Ms. Yasumura, one of the coordinators of 2019 AAFC, explains that the theme of this year’s AAFC was ‘Our Stories, Our Impact, Our Future.’ She further mentions that the coordinators of this event did not just want to create a moment to come together but a movement that would help inspire lasting change.

Ms. Yasumura mentioned the workshops and activities held at the conference, explaining, “We offered twenty-five different workshops, mostly lead by student facilitators. These students all worked with faculty advisors at their home schools to prepare and practice their facilitation skills.”

Through these activities, “participants were able to learn about the history of Asian Americans, the LGBTQ+ experience, Asian Americans and Mental Health, South Asian identity, the multiracial experience, and much more.”

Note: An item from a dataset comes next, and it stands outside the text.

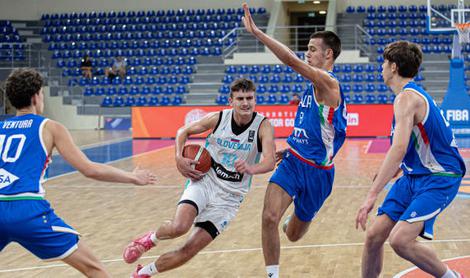 V živo: mladi Slovenci v boju za bron #prenos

The workshops and programs included classes such as “What I Said & What I Meant: Improving Cross-Cultural Communication” by Rosetta Lee from Seattle Girls’ School, “Part Asian, Part Something Else: What Does It Mean To Be ‘Asian Enough’?” by Isabelle and Natalie Halsey from Loomis Chaffee School, and “Speaking Up: A History of Asian-American Activism” by James Lemuel and Katharine Wang from Phillips Andover Academy.

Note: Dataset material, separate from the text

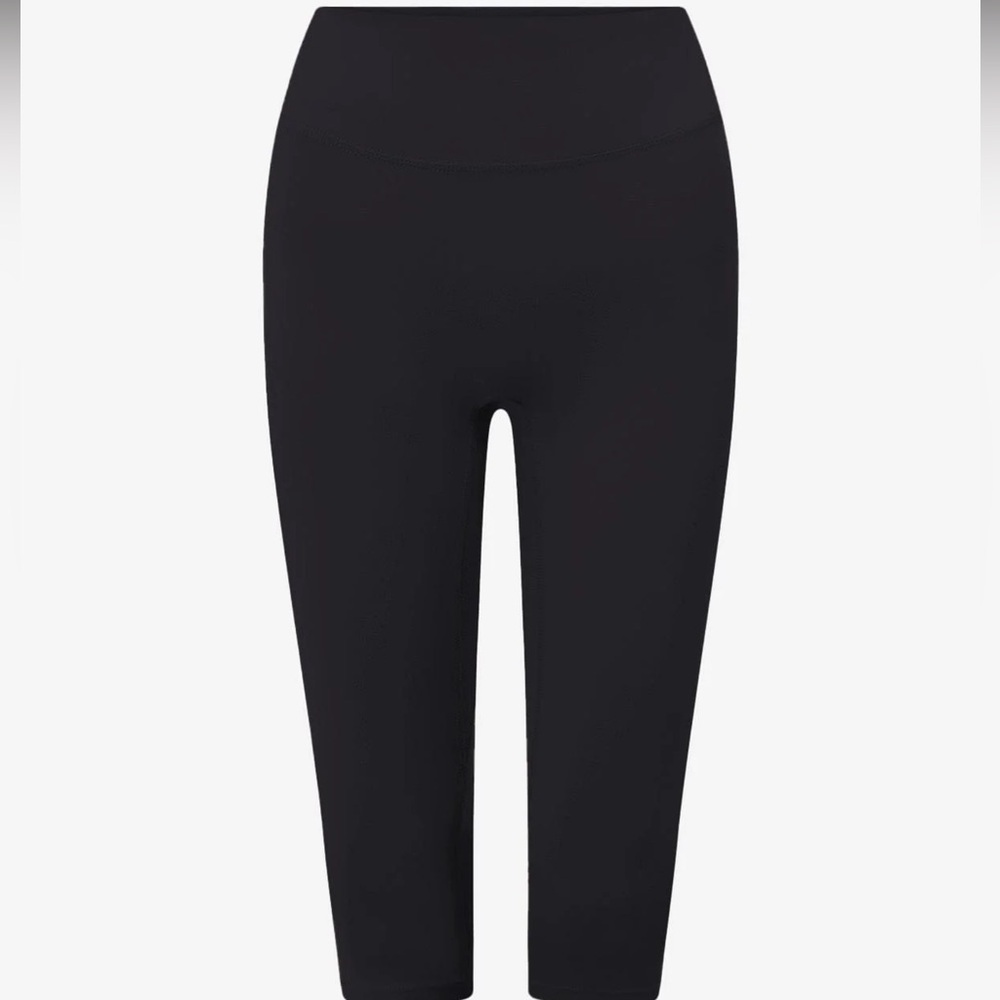 CSB - Form Invisible Scrunch Capri Leggings - Picture 4 of 6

For the students who attended the AAFC this year a Hotchkiss, Ms. Yasumura wanted students to take away some important outcomes of this event. She wanted to highlight “the importance of taking action to create a more equitable school environment.” At the conference, networking groups, led by a Hotchkiss student, included members from different schools and discussed “how they could take what they learned back to their campuses.”

Collectively, the Asian American Footsteps Conference has become a symbolic event not only for Kent school but for all the secondary schools in New England. With our Kent student population being more than 30% Asian, this conference further expanded the conversation about diversity on campus. Next Year, AAFC will be held by Phillips Exeter Academy, in Exeter, New Hampshire, and we look forward to another inspiring experience.